I - Endymion

'Ce petit plus qui nous change ou nous uni,
Ce léger détail qui soigne ou saigne ce que nous sommes,
Je le ferai miens, pour que toujours, tu m'accompagnes.'

-

Elle le regardait dormir. Derrière les paupières de papier glacé, d'étranges histoires défilaient.

Elle pouvait facilement le discerner. Il était immobile, paisible. Allongé, ses cheveux répandus reposaient avec une noblesse naturelle ; les filaments argentés coulaient par vagues en une eau limpide irisée de lune. Et ce visage à la fois fin et dur portait incontestablement le titre de merveille. Une merveille à résoudre.

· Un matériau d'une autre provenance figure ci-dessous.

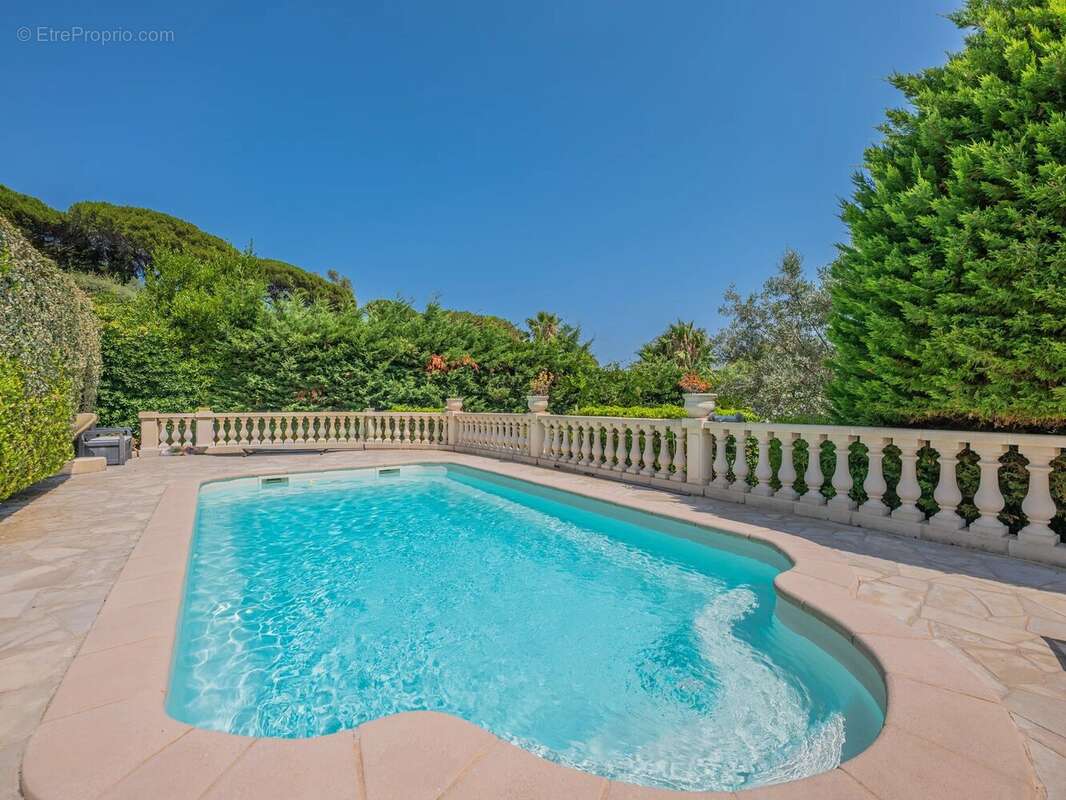 Villa de plain-pied à deux pas de la plage dans un domaine privé - photo 2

Elle savait parfaitement qu'au moindre mouvement brusque, il se serait redressé en un instant, et aurait manqué de séparer sa tête de ses épaules à quelques dixièmes de secondes près.

Mais il demeurait innocent en ce moment.

Il demeurait vulnérable face à elle parce qu'elle ne le haïssait pas ; ce que peu de gens pouvaient alors prétendre. Elle ne pouvait exactement dire pourquoi. C'était trop beau, trop long, trop profond. Et puis, malgré cela, ce ne serait pas forcément compréhensible ; pas plus toléré.

Là, en cet instant, elle s'était mise nue ; son manteau gris qui avait essuyé la rudesse des taudis était tombé pour quelques minutes. Pour que ce soit équitable. Parce que, lorsqu'elle regardait cette silhouette allongée, offerte, ouverte, elle ne voyait ni un ange, ni une machine, ni un démon. Elle voyait un être qui n'avait pas appris à grandir correctement.

Peut-être par ce que dans ses livres d'enfance, les cobayes remplaçaient les princesses et les seringues les baguettes magiques. Ou parce qu'il n'avait pas trouvé le mode d'emploi de l'être humain dans les rayons poussiéreux. Il n'y avait pas beaucoup d'exemples autour non plus. Peut-être, protéger des idéaux que l'on s'emploie à briser et vivre un rêve où les couleurs ne marchent pas avait étaient trop difficile.

Ce qu'elle voyait en cet enfant, outre la grâce qui le caressait, c'était sa vie. Lorsqu'il reposait, si simplement, elle pouvait la lire sur son visage...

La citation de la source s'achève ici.